Пушкин, окуджава, грибоедов, рецепция, легенда, эпитафия
Короткий адрес: https://sciup.org/148164199
IDR: 148164199
Текст научной статьи "Грибоедовская легенда" Пушкина в рецепции Булата Окуджавы
Современным пушкиноведением признано, что знаменитые грибоедовские страницы «Путешествия в Арзрум» не являют- ся документальным свидетельством дорожных впечатлений автора, сам факт встречи Пушкина с траурным кортежем вымышлен [15, c. 374 – 383]. Источником одного из «заветных преданий» русской культуры стала художественная правда пушкинского рассказа о последнем пути Грибоедова, поэтическая энергия, заключенная в ретроспективной оценке личности и судьбы.
Эпитафия Грибоедову, которая уже со второй половины XIX в. широко цитировалась биографами, историками литературы, критиками, так или иначе «использовалась» беллетристами, только в литературе 20-го столетия явила свою художественную генеративность.
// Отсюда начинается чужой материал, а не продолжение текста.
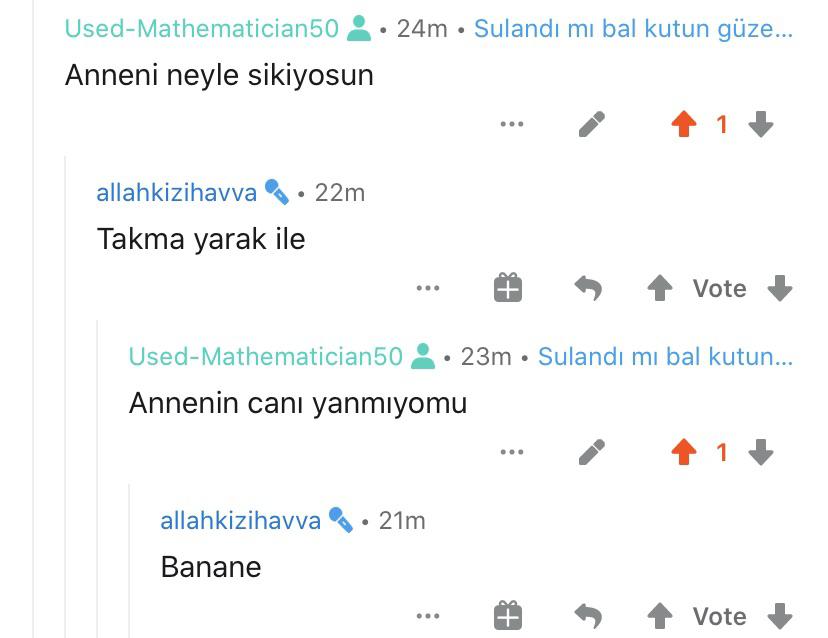 Annesini siken türk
Первое слово здесь принадлежит Ю.Н. Тынянову. Преодолевая в «Смерти Вазир-Мухтара» хрестоматийную гладкость жизнеописаний классика, романист создал образ «неожиданный» (А.М. Горький), подверг факты биографии творческой «деформации» (в терминологии В.Б. Шкловского); его герой «столь же художественно убедителен, сколь и исторически недостоверен» [14, с. 14]. Одновременно Тынянов показал «границы достоверности собственного творения» [2, с. 391], сознательно оттенил своего Грибоедова пушкинской версией – творческой в прямом значении этого слова, построив финал книги на основе арзрумского эпизода. Отныне «грибоедовская легенда» оказалась в ряду тех произведений (немногочисленных даже у гения, подчеркивает Н.Е. Меднис), которые продолжают «не просто жить, но, трансформируясь, оживать, фактически заново рождаться в ином контексте (а часто и качестве), творимом иным художником» [9, с. 139].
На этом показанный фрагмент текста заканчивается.